Every death is heartwrenching or brutal.  I’ve always heard the whole “save the cat” style of screenwriting.  This is where I learned “fuck that cat.”  They kill so many darlings.  Christ, the opening scene where the little girl comes out of the bar holding the suitcase and they blow her to hell.  AAAAAHHHHH!  WHO THE HELL DOES THAT?!

It’s a depressing as hell movie, and it just carves your heart when it kills the people you care about.  But there are still moments of savage vindication.  “He’s in the car.”  My second favorite time someone gets throw off a roof into an automobile.

#29: “Why do I fall in love with every woman I see who shows me the least bit of attention?”



#29: Eternal Sunshine of the Spotless Mind — dir. Michel Gondry

This used to be my number one.  And not even that long ago.  Maybe ten years ago?  But yeah, it was my without question, number one film.  Charlie Kaufman.  Punching into my heart and capturing that enduring loneliness, that lust for trying to capture a manic pixie dream girl in a mason jar with holes poked in the top and making her yours.

But then I got into a serious relationship.  One I’m still in.  My heart got full.  It never carried that wistfulness, my emo-sobber phase as my missus is prone to call it.  I find that many things that spoke to me in my lonely phase now have a less visceral resonance right in the now.  I still love sad songs.  I just don’t love them the same way.  I’m not likely to carve lyrics in my skin with a Sharpie or a safety pin as once I was.

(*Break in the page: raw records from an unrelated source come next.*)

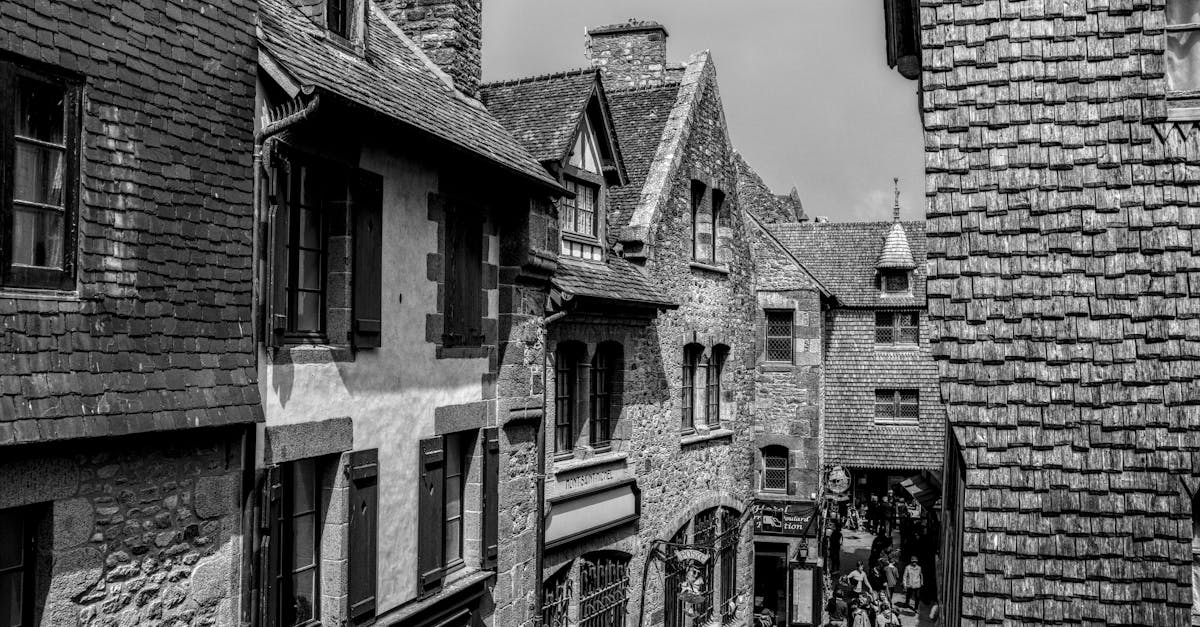 Charming medieval street in black and white at Mont Saint-Michel, France.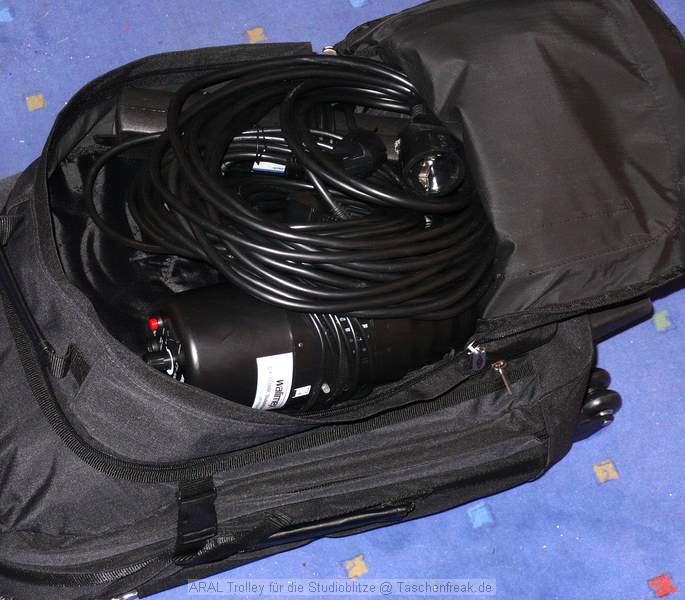Trolley Reisekoffer ARAL\n\nFoto von Jrg Langer\n\nKommentar des Nutzers:\n\nDieser Trolley aus einer Punkte Aktion der ARAL und passend fr die kleine Studioblitzausstattung.\n\nWir haben hier reingepackt:\n\nHauptfach:\nStudioblitzleuchte 420Ws\nStudioblitzleuchte 260Ws\n(in einem Handtuch gegen Ste und Reibung etwas gesichert)\noben drber "kneulen" wir Schwarze und weie Stoffe die man im STudiobetrieb immer wieder mal brauchen kann.\n\nIm aufgesetzen Rucksack /der Fronttasche auf dem Trolley sind:\n\nStudioblitzleuchte klein 100Ws miit Spotvorsatz, 15 Meter Stromverlngerung, Steckdoesenleiste, Stromkabel fr die 3 Studioblitze\n\nIn der Fronttasche der Fronttasche ;-) sind dann:\n\n2 X-Sync Kabel 5m fr die 3 Blitze (der kleine und die groen nutzen unterschiedliche und Ersatz soll ja auch dabei sein ;-)\n\nHinten neben dem Trolleygestell sind dann zwei kleine Reflektorschirme verstaut. Die Stative und die Softboxen werden in Ihren eigenen Taschen transportiert und liegen gesondert im Kofferraum.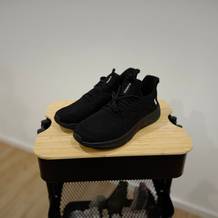 Schwarze Feethit Sneaker Laufschuhe stehen auf einem Holzhocker.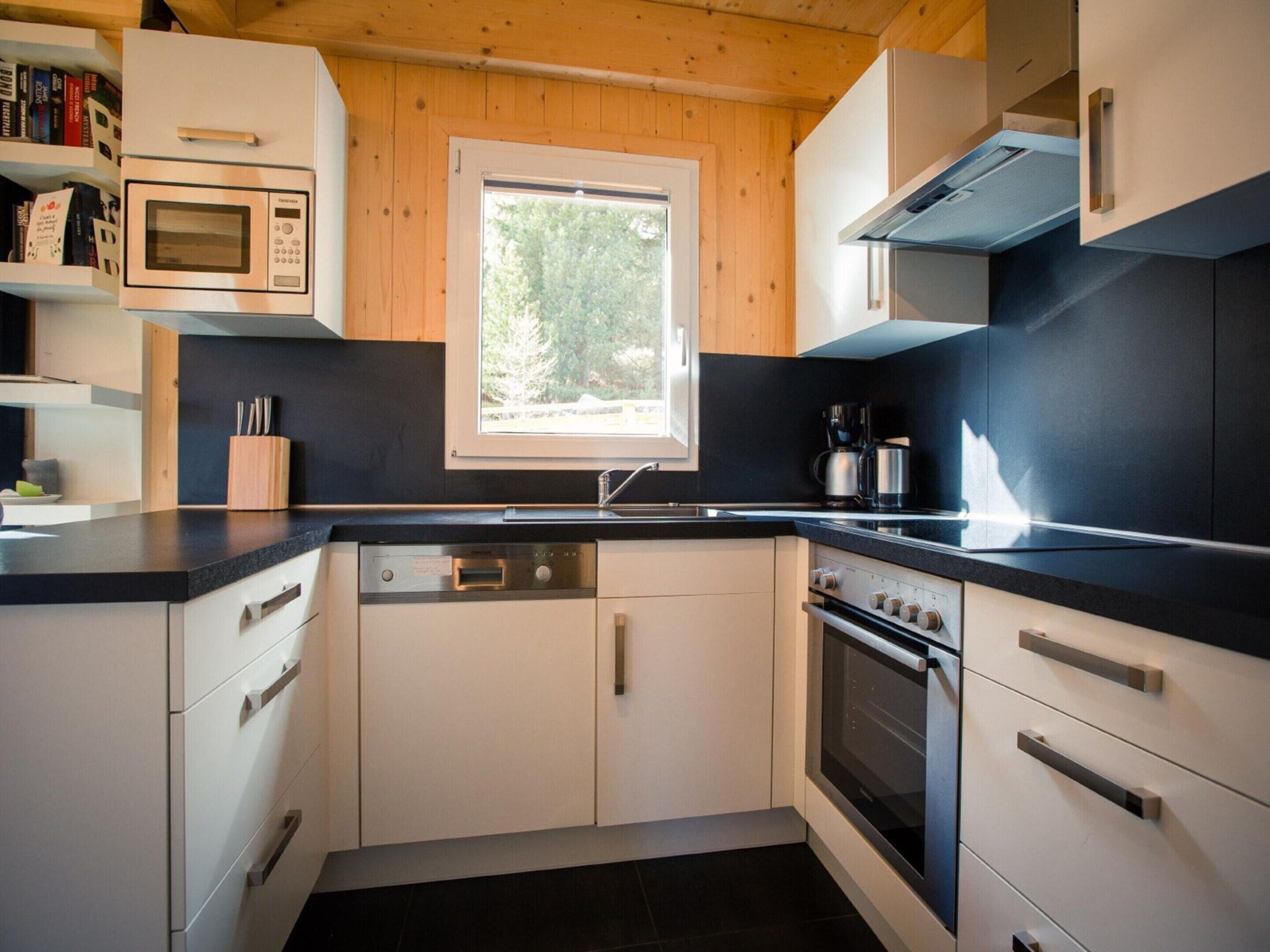 Una cocina moderna con microondas integrado, lavavajillas y horno. Hay una ventana sobre el fregadero, y la cocina tiene una encimera negra y armarios blancos.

There’s such a quiet beauty in this film, that the nerdy shoegaze folks defiantly whisper, I GET IT, THIS, THIS, THIS.  But when you become a different person, or when you leave those things behind — like finding a book of old poetry from your teen/twenties and rereading them with a cringe.  This film is still beautiful, but it doesn’t crush my soul like it used to.  It doesn’t have that same latch and lock.  Your favorites change as you do.  But it’s still a gorgeous film.